(Task to complete): The result should be the full listing copied exactly, with no pictures in it.

(Collected material):
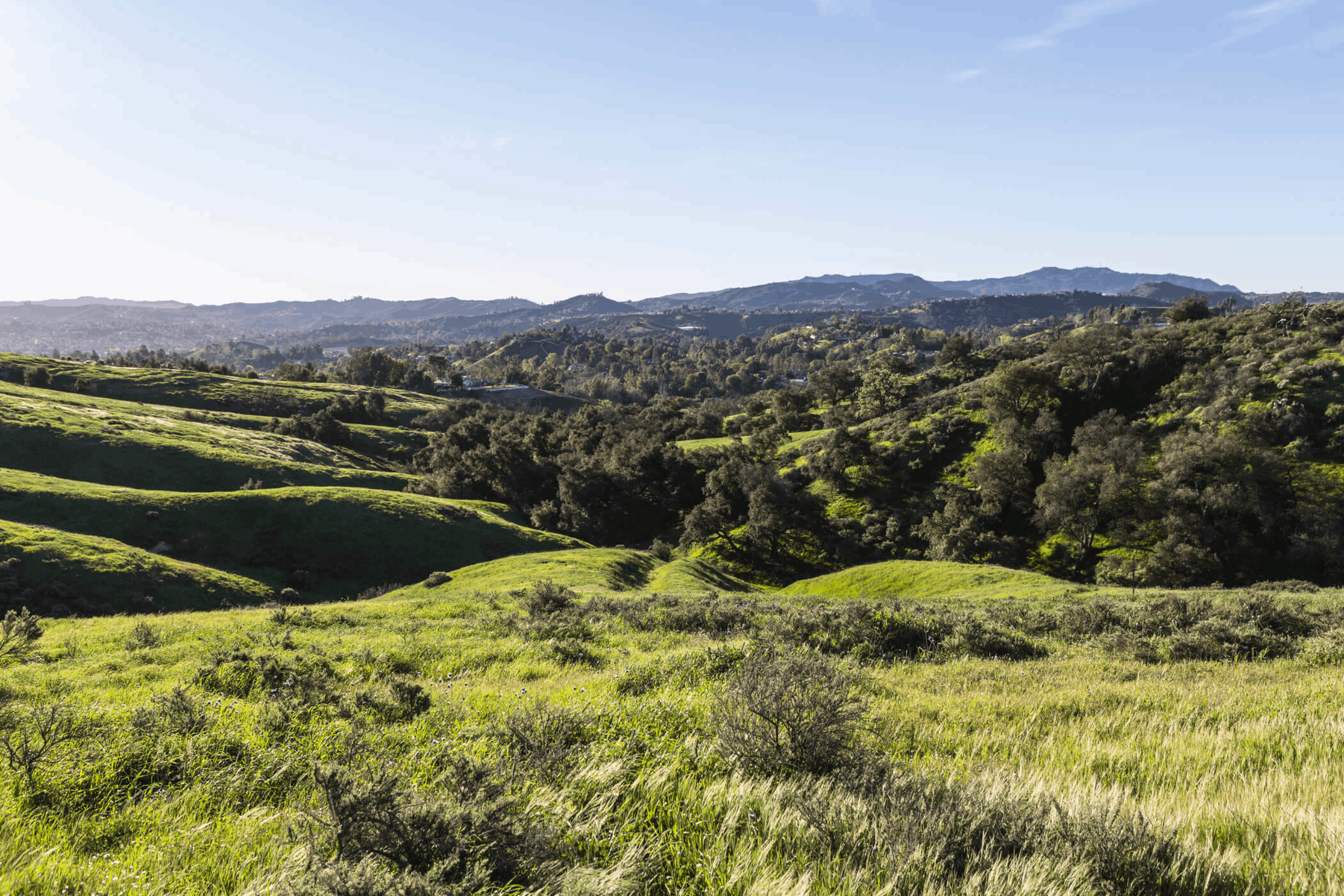 View towards West Hills and Woodland Hills in the San Fernando Valley region of Los Angeles, California.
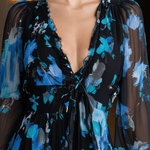 VESTIDO LARGO DE GASA FLORAL ACUARELA EN NEGRO Y PETRÓLEO - VALERINA MARBELLA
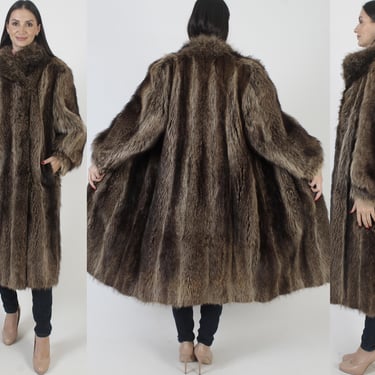 Full Length Real Raccoon Fur Jacket, Shaggy Brown Winter Overcoat, Long 70s Maxi Outdoors Coat 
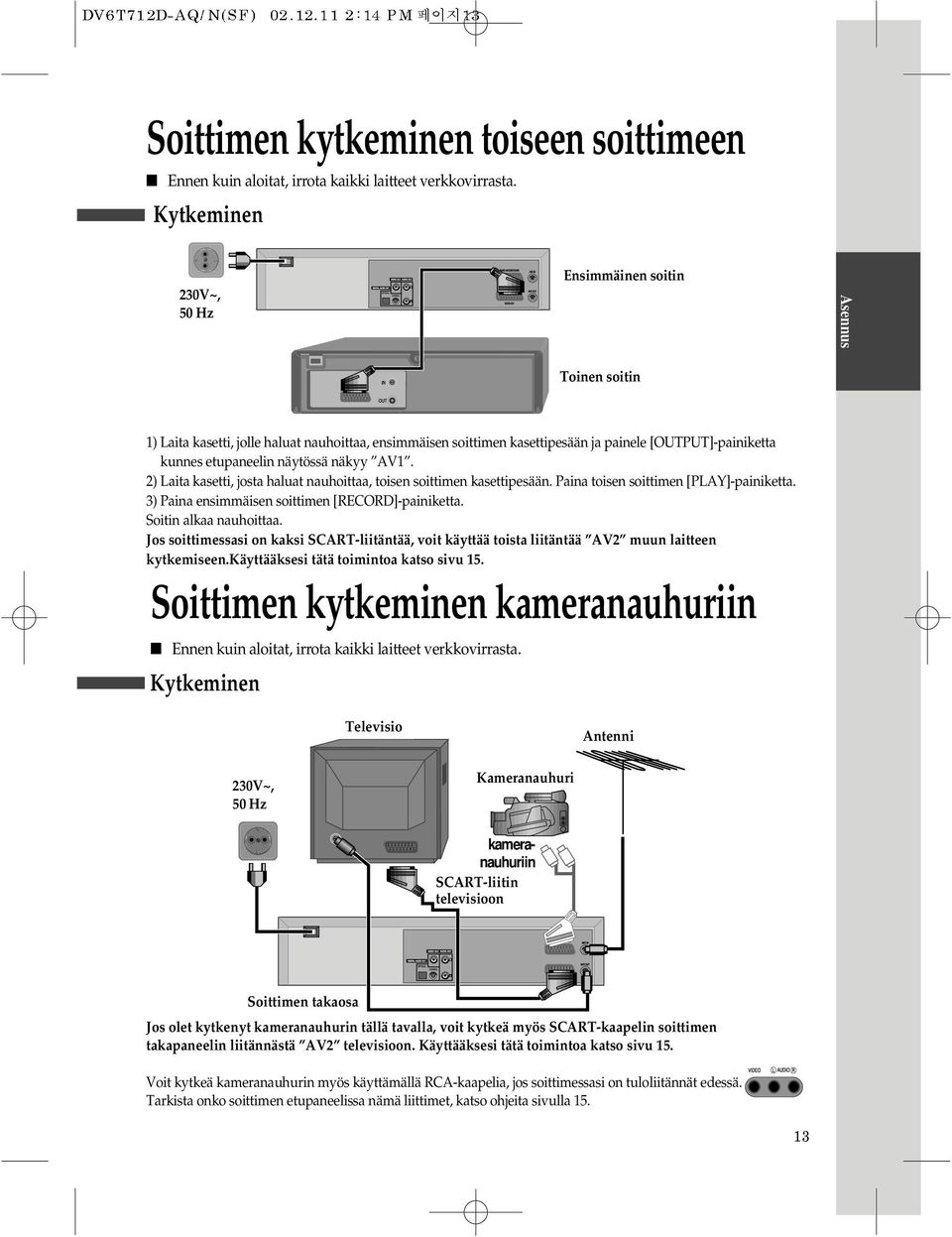 näytössä näkyy AV. ) Laita kasetti, josta haluat nauhoittaa, toisen soittimen kasettipesään. Paina toisen soittimen [PLAY]-painiketta. 3) Paina ensimmäisen soittimen [RECORD]-painiketta.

(Exercise response):
 View towards West Hills and Woodland Hills in the San Fernando Valley region of Los Angeles, California.
 VESTIDO LARGO DE GASA FLORAL ACUARELA EN NEGRO Y PETRÓLEO - VALERINA MARBELLA
 Full Length Real Raccoon Fur Jacket, Shaggy Brown Winter Overcoat, Long 70s Maxi Outdoors Coat 
 näytössä näkyy AV. ) Laita kasetti, josta haluat nauhoittaa, toisen soittimen kasettipesään. Paina toisen soittimen [PLAY]-painiketta. 3) Paina ensimmäisen soittimen [RECORD]-painiketta.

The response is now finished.